It sounds like he made it very clear that he doesnt intend to come back. I think you did the right thing by distancing yourself from him and his family. I think you should continue to distance yourself from him until he says he's committed to making things work.


----------



## SoxMunkey (Jan 1, 2010)

Hello Ana... it sounds to me like he already knows what he wants and what he wants to do, but he doesn't want to commit himself to anything that he says out loud. When someone takes the step to move out, stop communicating, and more or less, stop being involved in the marriage... then there is no doubt that they already know what it is that they want.

He is trying to stall you and hold onto you as a Plan "B". You and your daughter shouldn't be a Plan "B" in his life. You are looking for direction and closure... like the rest of us here. He does not want to give you that.

He enjoys feeling this power over you and will more than likely continue on in this path. If he is not going to answer you out right, then consider a default answer. It's not like your questions are difficult. 

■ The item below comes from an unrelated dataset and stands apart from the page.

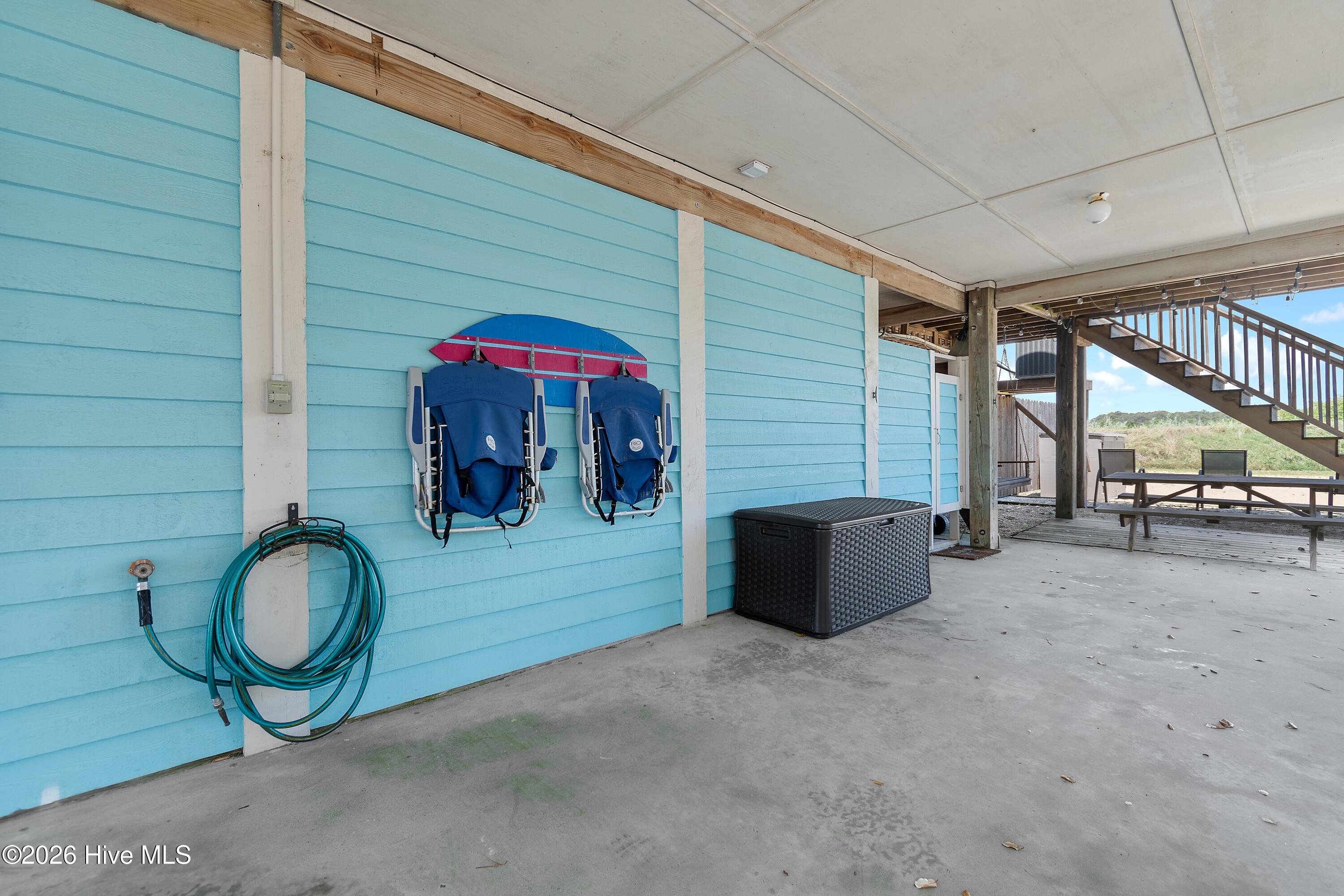 100553073 | Photo 43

It would seem that you carrying on in where you are taking care of yourself and your daughter and moving forward is the best option. If he decides that he wants his family back, then let him play catch up. But for now, just move forward.


----------



## whattodo17 (Jan 12, 2010)

Hi Ana...just wanted to say that I know exactly where you are coming from! When I asked my H if we would ever work things out he said no but now that I act like I don't care he is all of a sudden wanting to know what I'm doing. I know how tough it is especially having a child...my daughter just turned 2. Wish I could give more advice .


----------